Work request » Transcribe exactly the lines from the one containing "STAINLESS STEEL EARRINGS" through the end of the entries, including both the first and the last, and nothing else.

Entries taken from a collection
[Start of Attachment]
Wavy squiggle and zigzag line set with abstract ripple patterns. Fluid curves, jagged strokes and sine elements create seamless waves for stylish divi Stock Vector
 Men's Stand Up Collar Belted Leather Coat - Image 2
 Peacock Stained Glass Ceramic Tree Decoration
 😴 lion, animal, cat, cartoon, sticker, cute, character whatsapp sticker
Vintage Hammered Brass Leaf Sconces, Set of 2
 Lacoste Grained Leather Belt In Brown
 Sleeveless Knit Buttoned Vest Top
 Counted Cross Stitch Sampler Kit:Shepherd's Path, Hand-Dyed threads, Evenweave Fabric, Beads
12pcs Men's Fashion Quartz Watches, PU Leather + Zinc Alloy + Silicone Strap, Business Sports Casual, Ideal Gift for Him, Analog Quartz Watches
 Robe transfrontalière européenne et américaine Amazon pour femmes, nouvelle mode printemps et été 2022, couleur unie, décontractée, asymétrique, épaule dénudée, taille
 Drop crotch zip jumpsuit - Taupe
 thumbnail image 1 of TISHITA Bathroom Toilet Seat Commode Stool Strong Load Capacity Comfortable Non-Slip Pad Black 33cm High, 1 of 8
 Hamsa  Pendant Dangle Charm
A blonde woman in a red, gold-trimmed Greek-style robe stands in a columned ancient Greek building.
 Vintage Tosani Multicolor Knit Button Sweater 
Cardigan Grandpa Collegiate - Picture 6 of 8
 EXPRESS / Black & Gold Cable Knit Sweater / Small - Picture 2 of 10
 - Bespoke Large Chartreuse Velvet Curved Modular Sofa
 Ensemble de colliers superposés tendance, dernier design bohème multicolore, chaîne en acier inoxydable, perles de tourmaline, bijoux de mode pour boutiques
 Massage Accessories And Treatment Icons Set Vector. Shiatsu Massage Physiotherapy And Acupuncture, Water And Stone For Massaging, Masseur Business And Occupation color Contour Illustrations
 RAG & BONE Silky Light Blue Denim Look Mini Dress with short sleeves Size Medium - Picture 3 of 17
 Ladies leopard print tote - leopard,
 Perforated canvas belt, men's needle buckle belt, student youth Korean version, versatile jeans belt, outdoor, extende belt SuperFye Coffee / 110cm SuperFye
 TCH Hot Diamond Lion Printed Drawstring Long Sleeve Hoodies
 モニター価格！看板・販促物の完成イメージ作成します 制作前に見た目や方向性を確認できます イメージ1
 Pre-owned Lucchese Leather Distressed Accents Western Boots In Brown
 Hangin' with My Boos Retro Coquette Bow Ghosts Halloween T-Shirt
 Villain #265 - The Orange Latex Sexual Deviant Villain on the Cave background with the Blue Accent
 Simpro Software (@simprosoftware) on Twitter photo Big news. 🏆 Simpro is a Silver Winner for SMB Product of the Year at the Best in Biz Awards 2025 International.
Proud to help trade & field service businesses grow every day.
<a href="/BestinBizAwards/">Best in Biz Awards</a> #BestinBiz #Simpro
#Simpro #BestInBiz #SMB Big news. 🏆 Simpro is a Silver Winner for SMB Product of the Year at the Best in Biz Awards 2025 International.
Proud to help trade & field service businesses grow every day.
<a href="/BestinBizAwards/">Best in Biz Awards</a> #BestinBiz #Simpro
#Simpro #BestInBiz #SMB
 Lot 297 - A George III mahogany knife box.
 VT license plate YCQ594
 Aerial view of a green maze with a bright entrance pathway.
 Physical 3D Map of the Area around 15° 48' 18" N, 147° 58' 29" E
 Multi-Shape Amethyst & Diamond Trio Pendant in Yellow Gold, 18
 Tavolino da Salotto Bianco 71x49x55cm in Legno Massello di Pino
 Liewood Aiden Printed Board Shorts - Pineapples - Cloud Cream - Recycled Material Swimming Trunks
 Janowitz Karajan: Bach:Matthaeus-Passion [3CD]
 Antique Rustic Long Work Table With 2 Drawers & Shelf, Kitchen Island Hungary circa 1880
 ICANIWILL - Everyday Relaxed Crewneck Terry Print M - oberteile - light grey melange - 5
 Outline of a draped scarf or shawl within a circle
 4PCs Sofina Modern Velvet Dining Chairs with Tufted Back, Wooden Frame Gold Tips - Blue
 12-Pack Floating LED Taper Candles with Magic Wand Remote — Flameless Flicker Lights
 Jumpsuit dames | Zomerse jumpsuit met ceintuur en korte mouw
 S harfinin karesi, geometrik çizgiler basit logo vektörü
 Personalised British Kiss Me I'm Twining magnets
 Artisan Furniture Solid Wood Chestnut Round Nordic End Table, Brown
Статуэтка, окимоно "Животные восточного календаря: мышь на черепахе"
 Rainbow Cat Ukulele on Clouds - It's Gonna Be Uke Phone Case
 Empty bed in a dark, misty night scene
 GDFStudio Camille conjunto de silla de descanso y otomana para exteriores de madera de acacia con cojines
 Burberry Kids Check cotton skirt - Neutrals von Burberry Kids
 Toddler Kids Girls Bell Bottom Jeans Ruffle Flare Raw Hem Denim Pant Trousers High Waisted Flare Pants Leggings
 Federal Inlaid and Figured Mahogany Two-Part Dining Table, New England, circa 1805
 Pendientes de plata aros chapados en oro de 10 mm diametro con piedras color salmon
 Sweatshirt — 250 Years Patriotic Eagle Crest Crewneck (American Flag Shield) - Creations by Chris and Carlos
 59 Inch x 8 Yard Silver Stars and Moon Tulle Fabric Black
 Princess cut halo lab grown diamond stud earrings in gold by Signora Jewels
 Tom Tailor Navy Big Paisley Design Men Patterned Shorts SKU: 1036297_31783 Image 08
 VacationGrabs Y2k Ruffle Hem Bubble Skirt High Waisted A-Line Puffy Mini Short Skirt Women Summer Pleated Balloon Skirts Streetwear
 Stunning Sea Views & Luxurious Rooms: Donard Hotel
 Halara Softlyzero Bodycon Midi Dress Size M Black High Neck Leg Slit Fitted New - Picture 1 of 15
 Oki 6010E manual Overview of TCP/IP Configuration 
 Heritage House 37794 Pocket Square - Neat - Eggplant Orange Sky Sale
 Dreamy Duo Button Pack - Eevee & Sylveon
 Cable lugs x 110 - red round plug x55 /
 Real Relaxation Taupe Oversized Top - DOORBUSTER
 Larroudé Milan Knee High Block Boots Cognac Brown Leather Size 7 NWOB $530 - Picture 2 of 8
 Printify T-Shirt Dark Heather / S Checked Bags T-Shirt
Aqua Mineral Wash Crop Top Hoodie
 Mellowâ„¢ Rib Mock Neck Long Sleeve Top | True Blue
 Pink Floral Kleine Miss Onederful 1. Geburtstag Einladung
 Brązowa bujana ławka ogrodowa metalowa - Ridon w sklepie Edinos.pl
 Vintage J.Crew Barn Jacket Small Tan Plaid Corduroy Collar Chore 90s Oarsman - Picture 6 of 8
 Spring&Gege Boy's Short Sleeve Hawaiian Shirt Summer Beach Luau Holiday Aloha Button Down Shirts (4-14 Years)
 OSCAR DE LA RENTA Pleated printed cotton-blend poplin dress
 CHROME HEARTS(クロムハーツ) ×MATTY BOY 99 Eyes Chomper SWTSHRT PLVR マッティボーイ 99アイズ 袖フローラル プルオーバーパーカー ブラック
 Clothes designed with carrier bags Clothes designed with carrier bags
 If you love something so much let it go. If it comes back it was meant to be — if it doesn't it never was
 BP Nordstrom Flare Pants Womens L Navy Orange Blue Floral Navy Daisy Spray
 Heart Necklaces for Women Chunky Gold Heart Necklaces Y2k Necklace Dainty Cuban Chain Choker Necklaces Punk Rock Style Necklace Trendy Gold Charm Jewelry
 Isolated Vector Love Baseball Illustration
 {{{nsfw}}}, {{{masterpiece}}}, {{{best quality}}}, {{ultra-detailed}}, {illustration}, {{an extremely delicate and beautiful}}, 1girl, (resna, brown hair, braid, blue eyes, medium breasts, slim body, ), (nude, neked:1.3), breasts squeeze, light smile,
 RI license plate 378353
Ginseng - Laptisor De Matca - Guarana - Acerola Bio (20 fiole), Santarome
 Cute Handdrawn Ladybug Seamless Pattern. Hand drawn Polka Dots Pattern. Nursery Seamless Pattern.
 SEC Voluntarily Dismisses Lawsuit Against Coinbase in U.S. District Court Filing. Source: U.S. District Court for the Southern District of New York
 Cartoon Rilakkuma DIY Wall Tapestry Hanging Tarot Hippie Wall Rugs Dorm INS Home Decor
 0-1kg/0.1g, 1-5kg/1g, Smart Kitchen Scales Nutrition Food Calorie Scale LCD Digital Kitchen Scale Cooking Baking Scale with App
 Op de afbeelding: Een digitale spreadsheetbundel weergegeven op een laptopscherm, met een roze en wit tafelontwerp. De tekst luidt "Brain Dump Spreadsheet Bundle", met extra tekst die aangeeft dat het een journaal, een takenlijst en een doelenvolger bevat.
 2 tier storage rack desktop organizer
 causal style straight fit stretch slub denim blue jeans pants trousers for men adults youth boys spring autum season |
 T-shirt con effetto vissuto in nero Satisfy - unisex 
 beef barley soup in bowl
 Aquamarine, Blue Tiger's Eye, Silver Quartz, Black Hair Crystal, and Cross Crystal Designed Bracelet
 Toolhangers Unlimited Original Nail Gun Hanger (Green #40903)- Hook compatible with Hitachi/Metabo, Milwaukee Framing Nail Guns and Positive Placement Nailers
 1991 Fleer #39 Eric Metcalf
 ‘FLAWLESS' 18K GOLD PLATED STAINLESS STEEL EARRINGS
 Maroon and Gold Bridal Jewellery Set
[End of Attachment]
Solution for this exercise »
 ‘FLAWLESS' 18K GOLD PLATED STAINLESS STEEL EARRINGS
 Maroon and Gold Bridal Jewellery Set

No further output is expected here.